EXERCISE PROMPT - Only one stretch of the listing below is wanted. Begin at the line that has "So if we just", stop after the line that has "Step 3: Once", and repeat every line in between exactly.

DATA SUPPLIED -
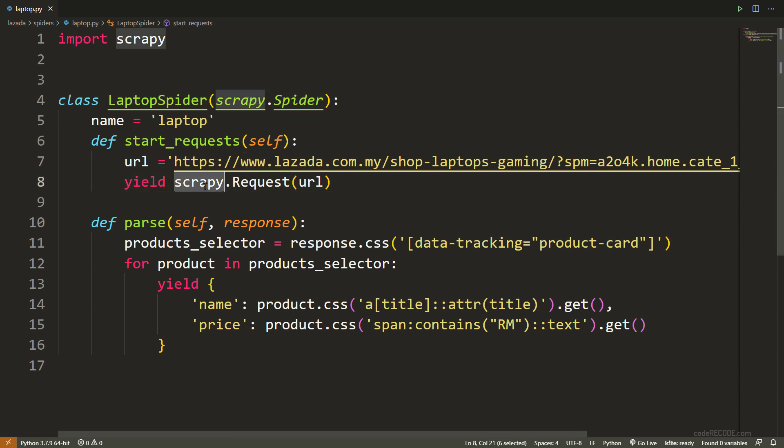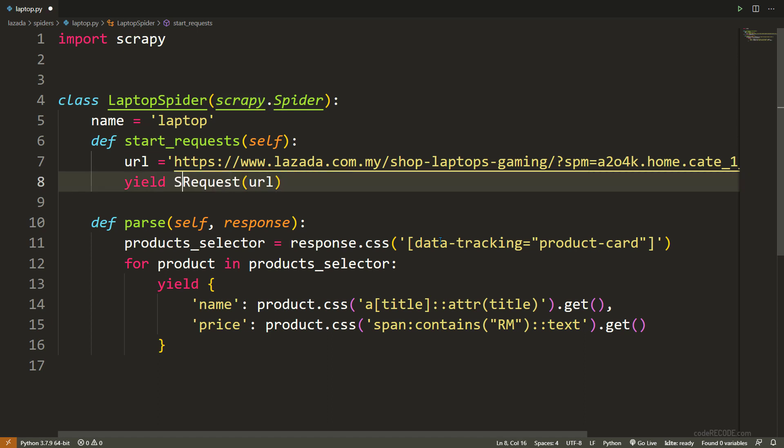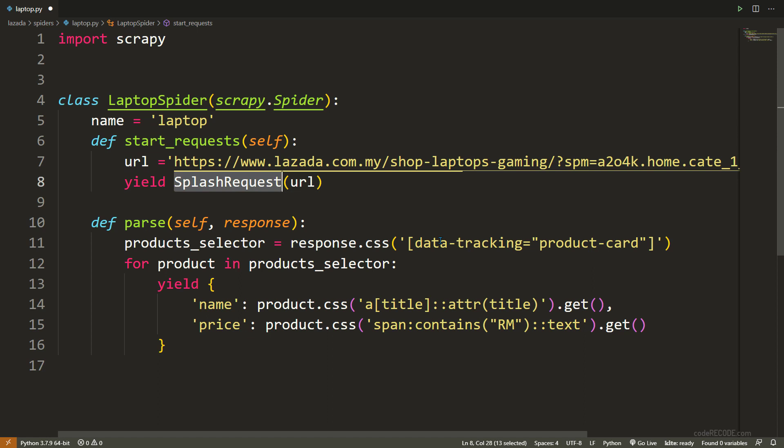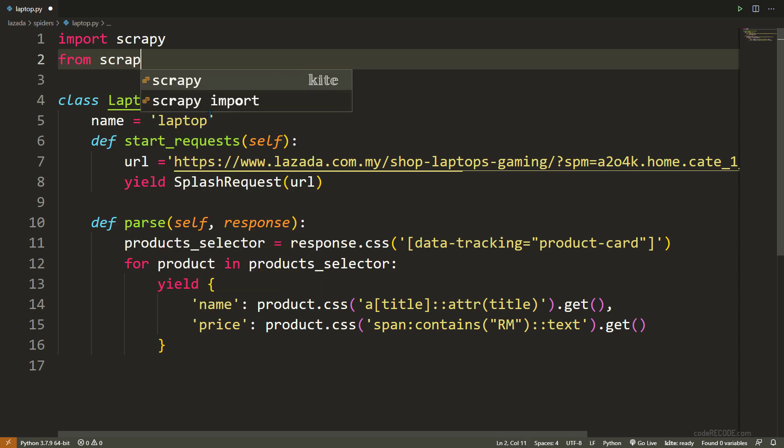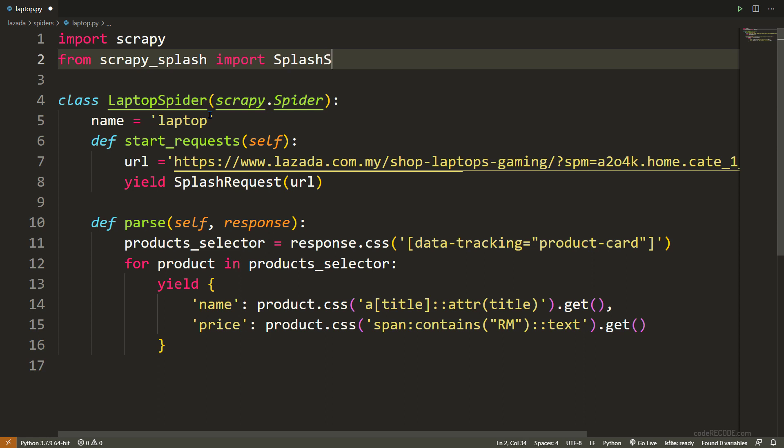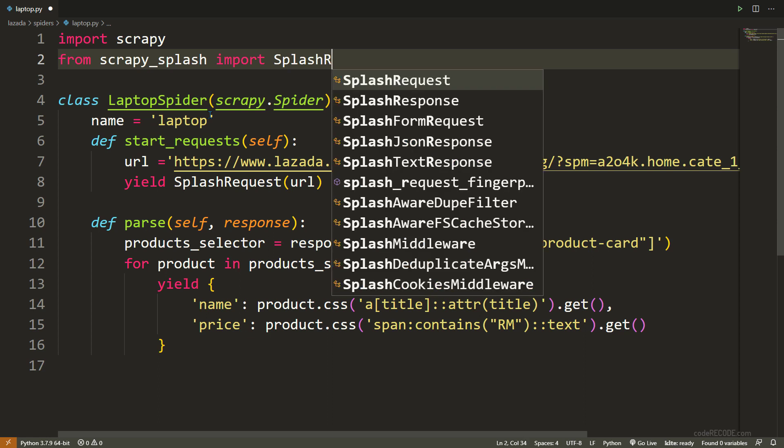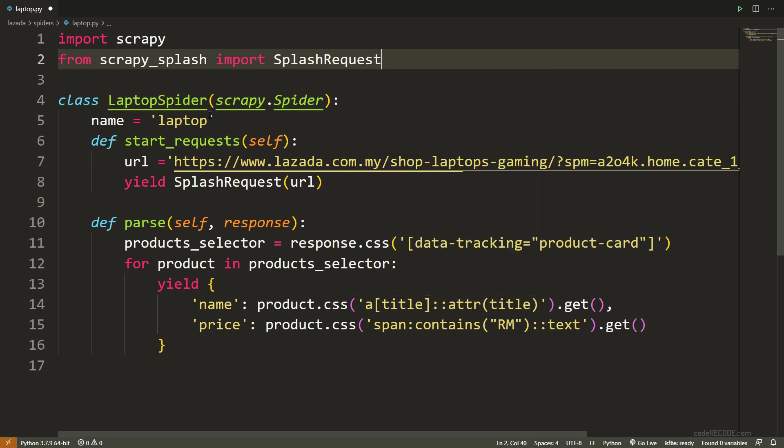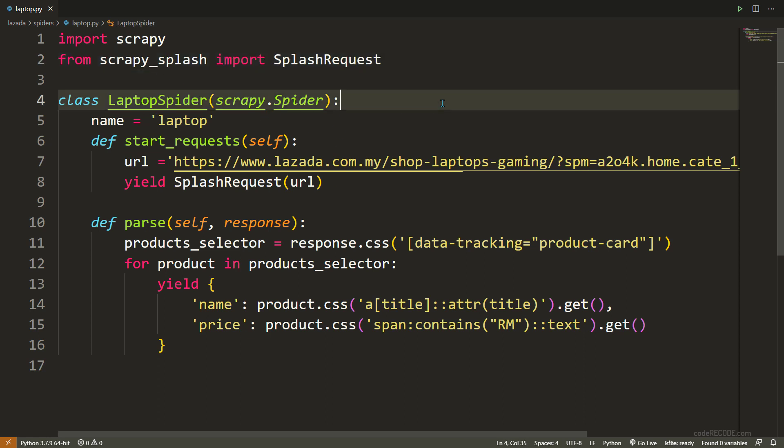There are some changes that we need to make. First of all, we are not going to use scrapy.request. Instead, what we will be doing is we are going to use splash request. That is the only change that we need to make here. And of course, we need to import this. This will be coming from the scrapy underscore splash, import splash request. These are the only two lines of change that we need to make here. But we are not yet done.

==

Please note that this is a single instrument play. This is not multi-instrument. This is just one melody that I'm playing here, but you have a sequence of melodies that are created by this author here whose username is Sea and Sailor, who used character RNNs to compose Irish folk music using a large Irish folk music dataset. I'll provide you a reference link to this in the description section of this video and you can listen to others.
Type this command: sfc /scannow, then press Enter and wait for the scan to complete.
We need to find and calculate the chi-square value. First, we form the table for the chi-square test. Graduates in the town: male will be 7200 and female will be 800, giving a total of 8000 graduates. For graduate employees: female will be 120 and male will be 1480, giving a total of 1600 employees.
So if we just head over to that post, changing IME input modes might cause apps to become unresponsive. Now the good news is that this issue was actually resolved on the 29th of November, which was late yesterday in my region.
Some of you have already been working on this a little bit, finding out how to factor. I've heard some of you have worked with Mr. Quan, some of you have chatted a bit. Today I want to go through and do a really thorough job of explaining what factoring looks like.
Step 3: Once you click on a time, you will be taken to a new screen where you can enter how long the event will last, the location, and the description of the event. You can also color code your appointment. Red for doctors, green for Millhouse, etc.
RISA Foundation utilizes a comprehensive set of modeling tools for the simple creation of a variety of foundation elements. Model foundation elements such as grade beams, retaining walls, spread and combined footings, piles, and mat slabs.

WRITTEN RESPONSE -
So if we just head over to that post, changing IME input modes might cause apps to become unresponsive. Now the good news is that this issue was actually resolved on the 29th of November, which was late yesterday in my region.
Some of you have already been working on this a little bit, finding out how to factor. I've heard some of you have worked with Mr. Quan, some of you have chatted a bit. Today I want to go through and do a really thorough job of explaining what factoring looks like.
Step 3: Once you click on a time, you will be taken to a new screen where you can enter how long the event will last, the location, and the description of the event. You can also color code your appointment. Red for doctors, green for Millhouse, etc.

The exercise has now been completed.